→ WHAT THE TASK ASKS
Write out exactly, and only, the lines below from the line with "Coat Of Arms" through the line with "Neuroscientist : Truth"; pictures do not belong in the copy.

→ TASK MATERIAL
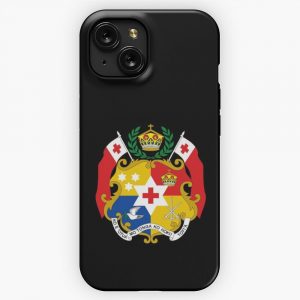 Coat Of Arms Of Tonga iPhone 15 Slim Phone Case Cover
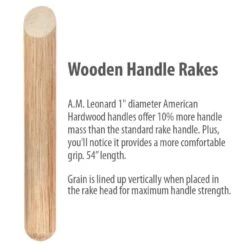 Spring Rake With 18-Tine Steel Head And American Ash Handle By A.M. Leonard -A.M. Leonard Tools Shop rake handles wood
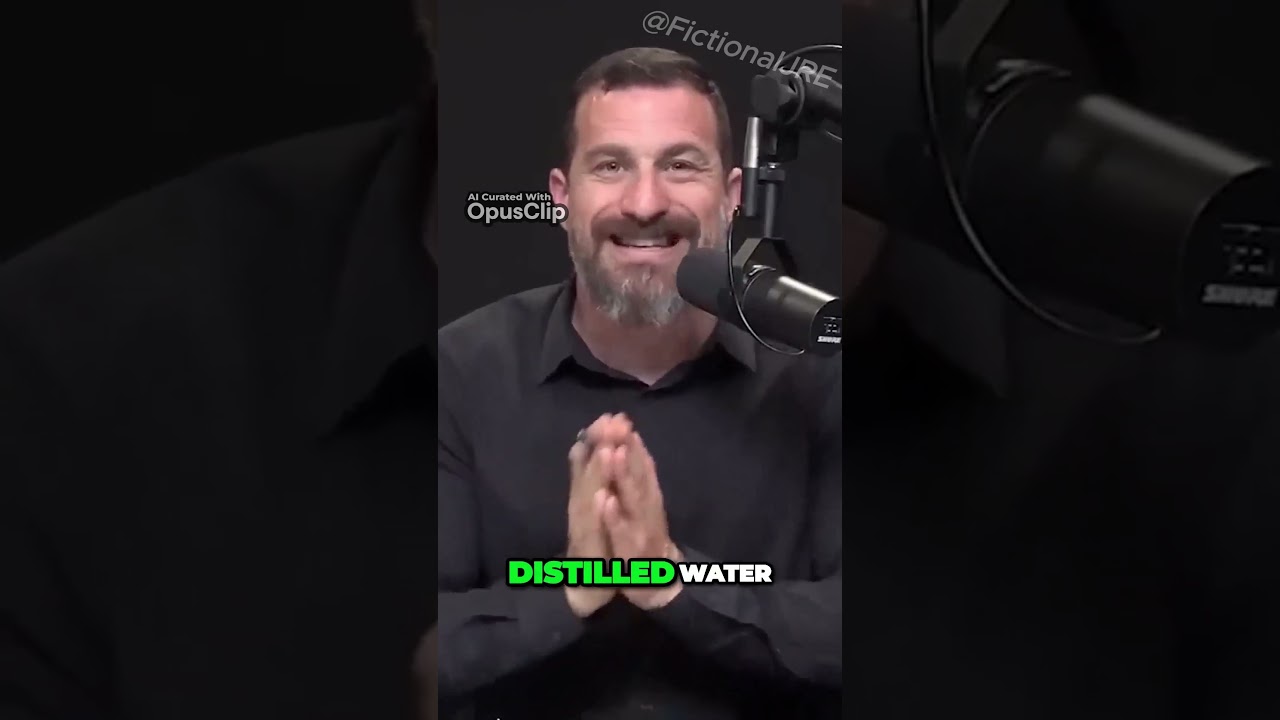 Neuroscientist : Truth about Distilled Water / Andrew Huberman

---

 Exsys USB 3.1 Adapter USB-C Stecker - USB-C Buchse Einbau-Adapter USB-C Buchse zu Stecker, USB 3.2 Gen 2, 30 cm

→ EXERCISE OUTPUT
 Coat Of Arms Of Tonga iPhone 15 Slim Phone Case Cover
 Spring Rake With 18-Tine Steel Head And American Ash Handle By A.M. Leonard -A.M. Leonard Tools Shop rake handles wood
 Neuroscientist : Truth about Distilled Water / Andrew Huberman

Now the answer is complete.